While wireless carriers tremble at the prospect of an oncoming data tsunami flooding their networks, wholesale transit provider NTT America, the US subsidiary of Tokyo-based NTT Corp., has for years been knee-deep in managing rapid Internet Protocol (IP) traffic growth and the demand for fatter pipes.
NTT America had been feverishly updating line cards in its decade-old Cisco Systems' Catalyst 6509 switches located in its 11 US point-of-presence (POP) facilities to meet its carrier customers' needs at the edge. But scaling its network infrastructure to support IP traffic growth soon became unmanageable.

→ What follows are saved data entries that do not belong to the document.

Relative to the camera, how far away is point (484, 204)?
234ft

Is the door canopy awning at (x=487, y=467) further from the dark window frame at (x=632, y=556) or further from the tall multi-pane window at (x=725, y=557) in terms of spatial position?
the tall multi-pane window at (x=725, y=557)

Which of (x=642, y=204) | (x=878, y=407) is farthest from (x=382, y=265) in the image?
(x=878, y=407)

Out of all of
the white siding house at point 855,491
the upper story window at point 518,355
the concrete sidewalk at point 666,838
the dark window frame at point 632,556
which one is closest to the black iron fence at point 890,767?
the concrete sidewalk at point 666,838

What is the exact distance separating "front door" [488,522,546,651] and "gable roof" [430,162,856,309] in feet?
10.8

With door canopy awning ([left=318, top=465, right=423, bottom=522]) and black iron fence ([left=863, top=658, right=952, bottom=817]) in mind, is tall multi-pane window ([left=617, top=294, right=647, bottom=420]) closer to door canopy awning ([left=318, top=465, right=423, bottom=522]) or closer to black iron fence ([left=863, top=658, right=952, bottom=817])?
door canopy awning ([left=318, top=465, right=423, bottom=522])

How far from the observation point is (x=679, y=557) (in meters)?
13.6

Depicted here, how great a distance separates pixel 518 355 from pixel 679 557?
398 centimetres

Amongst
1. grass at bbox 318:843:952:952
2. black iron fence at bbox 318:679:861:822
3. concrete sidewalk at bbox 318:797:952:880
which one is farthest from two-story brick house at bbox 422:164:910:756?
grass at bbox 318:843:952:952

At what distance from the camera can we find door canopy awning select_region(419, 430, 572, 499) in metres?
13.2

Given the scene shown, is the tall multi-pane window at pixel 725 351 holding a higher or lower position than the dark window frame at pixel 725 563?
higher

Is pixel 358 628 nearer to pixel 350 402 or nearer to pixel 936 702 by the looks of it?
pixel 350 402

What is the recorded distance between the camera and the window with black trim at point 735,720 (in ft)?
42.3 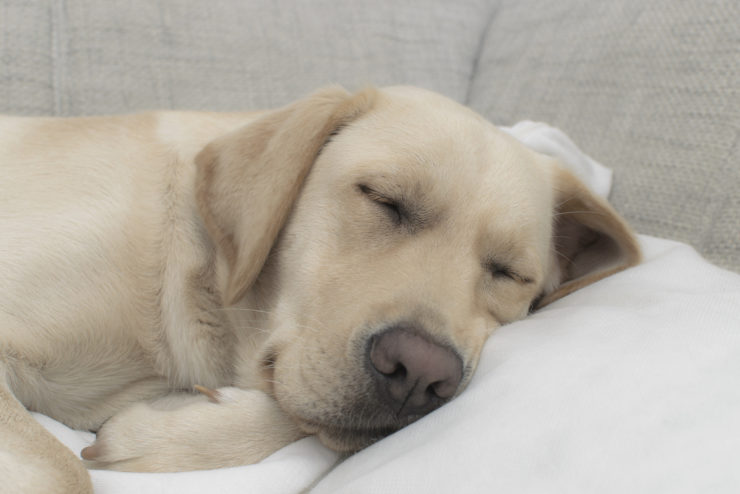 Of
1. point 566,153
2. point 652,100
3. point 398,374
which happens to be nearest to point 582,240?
point 566,153

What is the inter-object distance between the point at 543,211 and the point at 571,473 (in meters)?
1.11

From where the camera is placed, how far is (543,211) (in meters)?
1.97

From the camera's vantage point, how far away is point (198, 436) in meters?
1.49

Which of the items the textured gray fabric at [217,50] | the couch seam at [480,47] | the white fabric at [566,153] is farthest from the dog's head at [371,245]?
the couch seam at [480,47]

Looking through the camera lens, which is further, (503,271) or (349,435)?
(503,271)

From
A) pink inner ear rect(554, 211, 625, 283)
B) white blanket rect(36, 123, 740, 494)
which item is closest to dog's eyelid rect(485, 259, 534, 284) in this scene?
white blanket rect(36, 123, 740, 494)

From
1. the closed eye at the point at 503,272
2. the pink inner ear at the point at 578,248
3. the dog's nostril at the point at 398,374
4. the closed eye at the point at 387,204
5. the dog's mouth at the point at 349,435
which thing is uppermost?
the closed eye at the point at 387,204

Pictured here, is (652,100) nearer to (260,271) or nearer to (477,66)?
(477,66)

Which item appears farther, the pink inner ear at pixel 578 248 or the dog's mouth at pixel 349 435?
the pink inner ear at pixel 578 248

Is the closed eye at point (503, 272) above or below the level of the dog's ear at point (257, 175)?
below

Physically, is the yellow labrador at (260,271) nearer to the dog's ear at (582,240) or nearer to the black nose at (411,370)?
the black nose at (411,370)

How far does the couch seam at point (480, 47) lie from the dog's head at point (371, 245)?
7.60 feet

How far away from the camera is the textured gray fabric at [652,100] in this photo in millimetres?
2334

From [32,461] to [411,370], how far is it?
78 cm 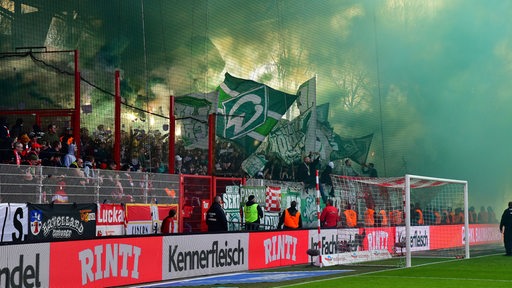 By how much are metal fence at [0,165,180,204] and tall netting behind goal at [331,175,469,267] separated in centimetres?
543

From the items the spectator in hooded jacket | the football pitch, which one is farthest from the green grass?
the spectator in hooded jacket

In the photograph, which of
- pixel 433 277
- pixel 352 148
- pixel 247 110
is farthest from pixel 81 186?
pixel 352 148

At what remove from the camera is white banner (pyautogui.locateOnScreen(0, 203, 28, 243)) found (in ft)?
59.5

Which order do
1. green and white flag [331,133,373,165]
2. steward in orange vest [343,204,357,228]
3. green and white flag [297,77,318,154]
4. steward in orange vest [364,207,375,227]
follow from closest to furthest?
steward in orange vest [364,207,375,227], steward in orange vest [343,204,357,228], green and white flag [297,77,318,154], green and white flag [331,133,373,165]

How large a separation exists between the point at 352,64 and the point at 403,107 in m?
4.91

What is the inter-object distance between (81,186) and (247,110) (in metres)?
18.3

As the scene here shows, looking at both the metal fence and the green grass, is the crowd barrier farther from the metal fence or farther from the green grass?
the metal fence

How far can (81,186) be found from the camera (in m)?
22.0

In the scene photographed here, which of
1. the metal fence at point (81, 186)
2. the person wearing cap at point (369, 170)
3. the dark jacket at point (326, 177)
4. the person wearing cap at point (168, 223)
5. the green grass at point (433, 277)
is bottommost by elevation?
the green grass at point (433, 277)

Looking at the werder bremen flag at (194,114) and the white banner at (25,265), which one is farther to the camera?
the werder bremen flag at (194,114)

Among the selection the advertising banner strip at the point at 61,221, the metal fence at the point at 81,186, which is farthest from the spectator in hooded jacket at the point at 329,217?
the advertising banner strip at the point at 61,221

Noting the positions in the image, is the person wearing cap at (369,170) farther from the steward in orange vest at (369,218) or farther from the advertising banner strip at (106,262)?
the advertising banner strip at (106,262)

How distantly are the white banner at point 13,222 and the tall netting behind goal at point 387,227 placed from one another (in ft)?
29.4

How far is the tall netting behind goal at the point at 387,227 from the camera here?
2523 centimetres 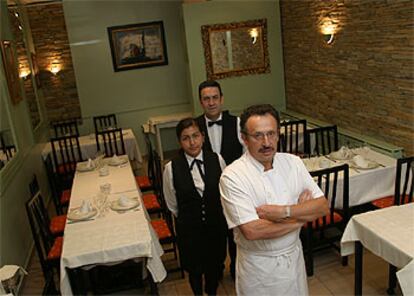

As end users consumed more bandwidth-hungry, real-time content and applications over the Internet, NTT America's carrier customers gobbled up a rapidly diminishing number of bundled 10-Gigabit Ethernet (10 GE) ports on those 6509s, said Doug Junkins, CTO and vice president of IP engineering at NTT America.
Even NTT's own operations were cramming the pipes, never mind its carrier customers' contributions to IP traffic growth. About 90% of homes and businesses in Japan are expected to have fiber to the home (FTTH) by the end of 2010, delivering 100 Mbps connections to consumers, Junkins said.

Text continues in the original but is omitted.